─── Data

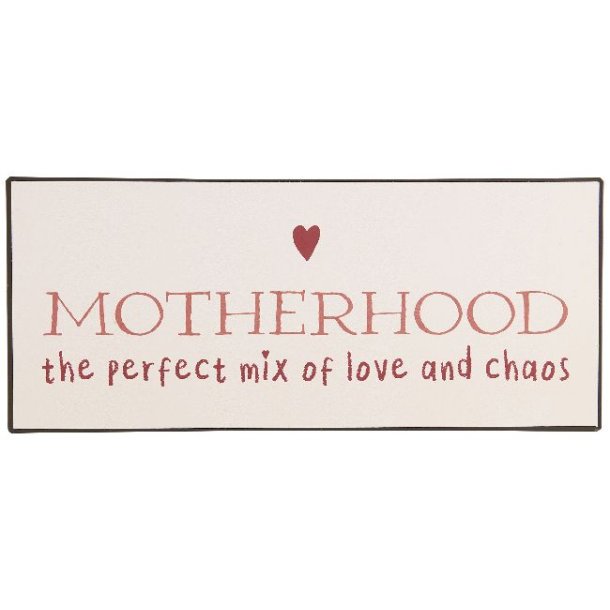 Metalskilt <br><br> Motherhood <br> the perfect mix of love and chaos <br><br>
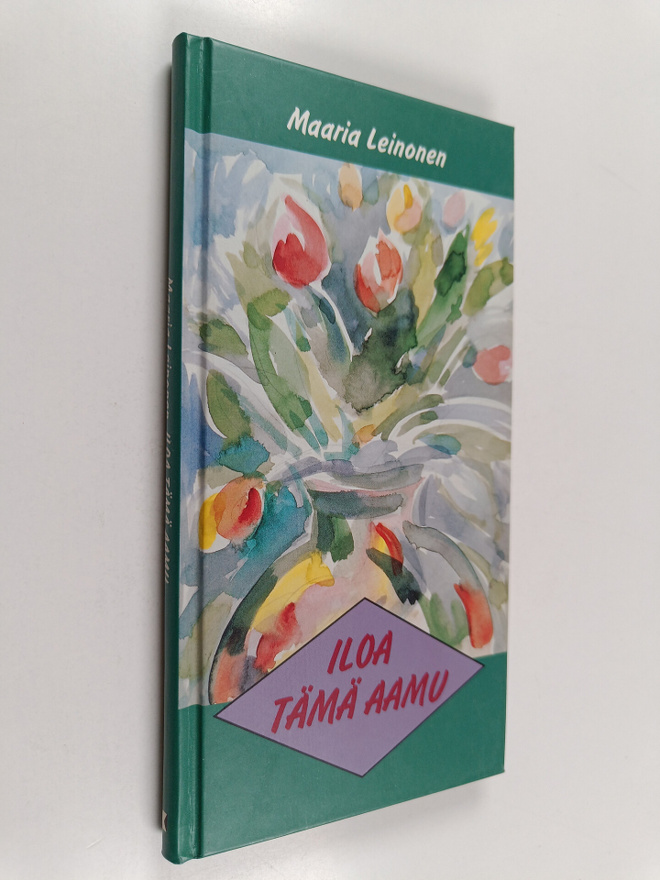 Maaria Leinonen : Iloa tämä aamu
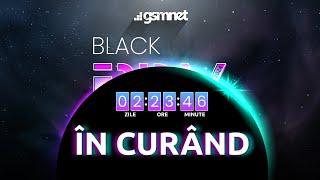 In curand BLACK FRIDAY 2024 pe GSMnet [upl. by Ahsya]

──────

→ **Task to complete**:
Transcribe all of the material exactly, leaving out whatever pictures it contains.

→ **Reply to the task**:
 Metalskilt <br><br> Motherhood <br> the perfect mix of love and chaos <br><br>
 Maaria Leinonen : Iloa tämä aamu
 In curand BLACK FRIDAY 2024 pe GSMnet [upl. by Ahsya]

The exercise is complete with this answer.